Quello che oggi è il MCP è cominiciato 40 anni fa a partire da un gruppo di persone, come Gelson, che facevano parte della Gioventù Agraria Cattolica. Fecero un seminario sotto la dittatura militare nel quale decisero di “creare un movimento che non solo lavorasse per riforme e miglioramenti, ma con una proposta anticapitalista”. E crearono il Movimento di Evangelizzazione Rurale, che nei fatti smise di essere un gruppo dipendente dalla Chiesa.

Gelson ricorda la povertà del campo. Sua madre ebbe 12 figli, sei maschi e sei femmine, in un paese del Paraíba. “Comprava un litro di latte per tutti e siccome non bastava aggiungeva molta acqua”. Lavorava la terra, e una notte, a 11 anni, aprì le porte per far uscire le vacche e i vitelli. Fu la sua prima ribellione.

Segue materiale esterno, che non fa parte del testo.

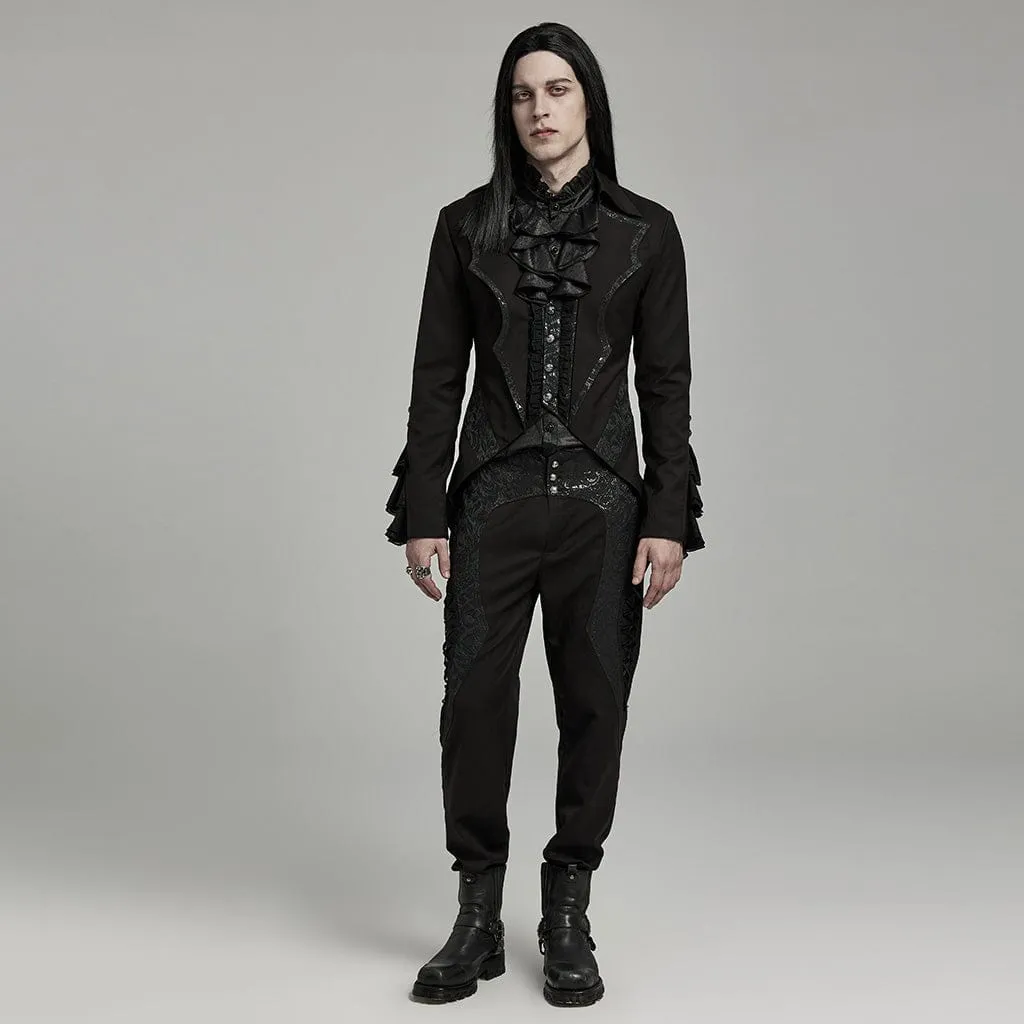 Men's Gothic Bat Collar Ruffled Swallow-tailed Coat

Nella misura in cui la società cambiava, con gli anni il movimento si è trasformato. Negli ottanta avvenne una grande emigrazione verso la città, tra le varie ragioni per la meccanizzazione del campo e la concentrazione della terra in latifondi. Allora cominciarono a lavorare nelle città e crearono la Corrente dei Lavoratori Indipendenti. Ma nei novanta percepirono la precarizzazione del lavoro e presero una importante decisione: lavorare con i settori più rassegnati del popolo, “disoccupati, braccianti, abitanti delle periferie, contadini poveri”, come si può leggere in uno dei primi numeri del periodico Voz das Comunidades.

“Fu il momento più duro. –afferma Gelson– I militanti avevano una cultura di classe media, avevano le loro famiglie, non sopportarono di andare nella favela e decisero di aderire a partiti come il PT e alle centrali sindacali”. In quella occasione decisiva persero più di un terzo dei militanti. Contemporaneamente decisero di non unirsi al PT, perché pensavano che avrebbe diviso i settori popolari separando i dirigenti dalle basi.

La loro attività nelle periferie delle città trasformò il movimento e i suoi membri. Cominciarono a lavorare secondo le dieci colonne e a creare comunità popolari. Oggi sono più di 60 comunità, la metà in aree urbane. Nel 2006 pubblicarono la Voz das Comunidades, per unire il movimento, che era già presente in 12 stati. Nel 2011 decisero di darsi l’attuale nome: MCP.

Il movimento si propone tre obiettivi. A breve termine, mobilitare la gente affinché risolva i propri problemi sociali e le necessità culturali più sentite. A medio termine, organizzare la popolazione in comunità popolari. E a lungo termine, “conquistare un governo popolare dal basso verso l’alto per costruire una società comunitaria basata sul buen vivir indigeno (vivere bene), sui quilombos degli schiavi (comunità nere fuggite dalla schiavitù), sulle comunità contadine ugualitarie, come quella di Canudos,1 e sul socialismo operaio e popolare”, come stabilirono nel secondo incontro del movimento, nel 2012. Per loro governare dal basso verso l’alto è “controllare, a partire dalla base, i servizi pubblici e comunitari attraverso la democrazia partecipativa”, creando le condizioni affinché la gente partecipi.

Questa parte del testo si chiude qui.